1:33:01 – PM: Absolutely, yeah. I mean you pressed the start button here... In my personal opinion, but it's not just my opinion; I know. The national security vetting system is painfully slow. And so it encourages a view in a lot of the organisations that have to do it, that what they see as vetting - which may or may not be the same thing as personnel security, depending on how you misuse the word - is just an impediment. I mean, stuff is being done to improve it. A lot of it is just down to process. It's old IT systems and so on.
I have listened to lots of organisations who seem to have the view that it would be better if they could just get rid of it, because it gets in the way of getting the job done, and it's a barrier to diversity and so on. As though they somehow lost sight of the purpose of it. Which I can kind of understand because it's a real nuisance in a lot of organisations.

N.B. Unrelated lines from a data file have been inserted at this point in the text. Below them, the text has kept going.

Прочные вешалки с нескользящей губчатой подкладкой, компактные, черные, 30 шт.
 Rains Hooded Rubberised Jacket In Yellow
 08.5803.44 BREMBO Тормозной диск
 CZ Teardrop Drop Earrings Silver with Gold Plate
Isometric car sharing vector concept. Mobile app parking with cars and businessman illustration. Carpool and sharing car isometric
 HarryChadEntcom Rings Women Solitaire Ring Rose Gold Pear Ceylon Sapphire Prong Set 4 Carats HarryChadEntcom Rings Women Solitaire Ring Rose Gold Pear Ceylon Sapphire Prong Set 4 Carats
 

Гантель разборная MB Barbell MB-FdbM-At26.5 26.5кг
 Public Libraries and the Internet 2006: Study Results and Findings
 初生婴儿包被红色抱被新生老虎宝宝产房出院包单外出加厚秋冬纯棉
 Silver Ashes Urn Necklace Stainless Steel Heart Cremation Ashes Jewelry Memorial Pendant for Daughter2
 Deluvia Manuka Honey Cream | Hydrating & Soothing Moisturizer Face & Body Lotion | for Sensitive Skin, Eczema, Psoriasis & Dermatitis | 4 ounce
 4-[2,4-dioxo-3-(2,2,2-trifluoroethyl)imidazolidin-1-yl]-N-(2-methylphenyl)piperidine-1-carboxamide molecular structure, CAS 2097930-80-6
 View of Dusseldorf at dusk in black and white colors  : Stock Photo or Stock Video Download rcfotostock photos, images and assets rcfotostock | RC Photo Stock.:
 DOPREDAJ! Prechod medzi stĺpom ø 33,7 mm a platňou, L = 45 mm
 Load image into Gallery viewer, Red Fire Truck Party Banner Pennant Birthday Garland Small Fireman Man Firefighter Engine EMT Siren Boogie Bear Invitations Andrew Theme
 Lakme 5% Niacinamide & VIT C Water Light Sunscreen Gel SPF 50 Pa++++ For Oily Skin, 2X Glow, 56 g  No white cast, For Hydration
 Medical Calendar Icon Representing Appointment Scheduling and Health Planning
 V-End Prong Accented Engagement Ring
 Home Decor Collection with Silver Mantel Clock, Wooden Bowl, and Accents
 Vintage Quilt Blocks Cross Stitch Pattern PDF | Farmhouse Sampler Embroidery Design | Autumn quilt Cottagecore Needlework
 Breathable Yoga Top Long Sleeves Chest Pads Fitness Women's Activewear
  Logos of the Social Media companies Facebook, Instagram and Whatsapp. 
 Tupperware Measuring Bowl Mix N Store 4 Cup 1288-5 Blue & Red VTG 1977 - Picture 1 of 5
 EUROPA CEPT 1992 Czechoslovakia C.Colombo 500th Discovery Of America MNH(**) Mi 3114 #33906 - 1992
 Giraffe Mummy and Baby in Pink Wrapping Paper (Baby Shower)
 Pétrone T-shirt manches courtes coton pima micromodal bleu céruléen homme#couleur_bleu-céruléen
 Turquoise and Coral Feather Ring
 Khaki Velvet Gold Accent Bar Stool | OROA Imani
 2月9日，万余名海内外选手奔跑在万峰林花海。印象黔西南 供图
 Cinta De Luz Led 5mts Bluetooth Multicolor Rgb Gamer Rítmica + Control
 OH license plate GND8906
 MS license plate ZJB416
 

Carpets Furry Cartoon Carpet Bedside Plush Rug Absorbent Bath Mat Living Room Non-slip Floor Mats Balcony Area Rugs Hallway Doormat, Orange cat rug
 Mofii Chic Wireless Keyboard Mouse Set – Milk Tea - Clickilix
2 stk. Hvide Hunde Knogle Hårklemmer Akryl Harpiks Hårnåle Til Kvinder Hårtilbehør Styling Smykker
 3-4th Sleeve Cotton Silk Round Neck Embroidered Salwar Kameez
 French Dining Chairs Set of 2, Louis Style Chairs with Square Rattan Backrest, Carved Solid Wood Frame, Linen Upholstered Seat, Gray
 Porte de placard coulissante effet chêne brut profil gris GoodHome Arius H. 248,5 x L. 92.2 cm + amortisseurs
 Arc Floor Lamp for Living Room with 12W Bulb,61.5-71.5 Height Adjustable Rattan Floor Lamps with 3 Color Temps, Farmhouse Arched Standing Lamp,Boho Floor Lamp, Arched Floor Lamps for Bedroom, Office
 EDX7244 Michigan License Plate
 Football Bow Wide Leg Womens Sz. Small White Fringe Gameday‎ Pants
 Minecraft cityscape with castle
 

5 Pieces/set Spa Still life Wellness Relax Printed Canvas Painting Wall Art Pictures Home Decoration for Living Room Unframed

So I think a lot could be done to improve the performance - so how quickly it's done. The NAO report is all about performance. It's how quickly can you clear somebody, and how quickly can you do a renewal, and so on. It doesn't actually say very much about the effectiveness; does it actually make a difference? I think the jury's out on that.
And your other point, yes, I agree. I think generally speaking, my experience has been - less so in government than the private sector - there's a lot of emphasis placed on pre-employment screening. Which is what a lot of people mean by vetting. And then nothing much happens after that. So people are checked out during the recruitment process. Are they known to be a bad person? Do they have, for example, a significant criminal record? And if the answer's ‘no’, there's a presumption that they must be trustworthy now and forevermore. They can come in, and there you go.
In theory, there is this sort of personnel security ongoing, in trust, after care, whatever you call it... All the things you do after somebody joins an organisation. That should be where most of the effort is focused, because we know empirically that that's where most of the risk sits. Because they mostly go wrong after they join, not before.
People do try and join organisations with preexisting malign intentions. So pre-employment screening, don’t get me wrong, is really important. It acts as a deterrent. It puts off people from trying. But if that's all you'll do, you're asking for trouble as an organisation. And I think a lot of organisations do shortchange that bit. A lot of it is to do with management and leadership. There's a bit of technology that can help as well.
The Holy Grail in all of this is what's called Continuous Evaluation. Where essentially there's a sort of rich stream of data somehow magically plucked out of the ether, and from other people, that's continually assessed. And as stuff happens, that flags up individuals as a risk, it happens, more or less in real time. That that would be, in principle, a good thing to do. In practice, really difficult. And so the system, still broadly, is a sort of snapshot every so many years. The lower levels of government vetting, the policy astonishingly says that it only has to be done every ten years. Which is, in my view, kind of a bit mad. I can understand why for practical reasons, and some organisations will refresh more frequently than that. But obviously somebody can have a whole career in ten years, and a lot can happen to them. So whatever the vetting said ten years ago may not be true now.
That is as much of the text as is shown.